Because many of these vulnerabilities stem from design and manufacturing flaws, it's important that organizations and individuals consider only those products that can deliver a secure operation. It's also important to avoid devices with superfluous features, such as unnecessary USB ports, which can expose the product to unwanted attack vectors.
How to harden IoT devices
IoT hardening is critical to protecting IoT devices and preventing security issues. The following are must-have IoT hardening actions.
Shortlist only those devices that securely authenticate themselves before joining a network. Unique identifiers make identification and monitoring easier and help prevent rogue devices from joining the network. Integrated SIM devices embed identification features directly into the hardware itself, reducing the chance of unauthorized access. Store device IDs and authentication keys in a secure location; a compromised key can jeopardize the entire network.
Deploy IoT devices that require users to create a strong password at the beginning of the setup process. This avoids issues with embedded or default passwords.
Tamper-resistant elements and an ability to detect physical tampering increase a device's security and the security of the data it stores and processes. Ensure monitoring systems trigger alerts when tamper signals are received. These features are particularly important when IoT devices are deployed in remote or unsecure locations.

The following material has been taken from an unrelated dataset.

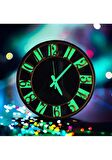 Gece Parlayan Fosforlu Salon Ofis Otel Duvar Saati 40 cm
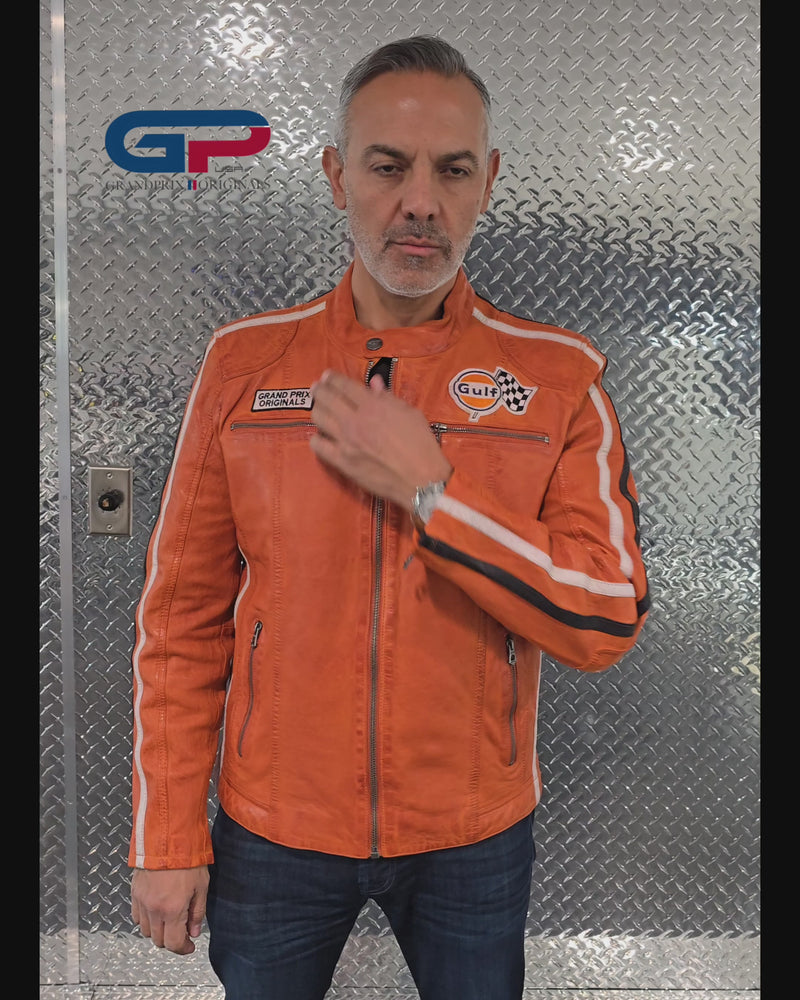 Men's Gulf Lambskin Leather Racing Jacket in Vintage GT Orange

Secure boot, data storage and transmission
Secure and encrypted storage and boot functionality provided by a cryptoprocessor, such as a Trusted Platform Module chip, improves the security of a device and the IoT infrastructure it resides on. For legacy or constrained devices that do not have or cannot support these features, consider field and cloud edge gateways as an option to securely connect these devices and send data over the internet.
Scalable secure updates
Keeping the software and OSes running the IoT network up to date and protected is a well-understood standard practice; however, updating IoT devices is not so easy. Using USBs or other manual processes to update IoT devices works but does not scale. Automate patching and updating whenever possible. Over-the-air IoT hardening is an efficient way to distribute cryptographically assured configuration, firmware and application updates to IoT devices equipped with an onboard cryptoprocessor. Devices that support these features might initially be more expensive than their basic counterparts, but easier maintenance and stronger security make them more cost-effective in the long term.
A network segment dedicated to IoT means security controls running IoT-specific rules. Threat intelligence feeds containing the latest indicator of compromise signatures for IoT devices help machine learning-based defenses preemptively identify issues picked up by IoT sensors in the field. In the event an IoT security incident occurs, traffic can be quickly blocked or quarantined if it is on a separate network segment.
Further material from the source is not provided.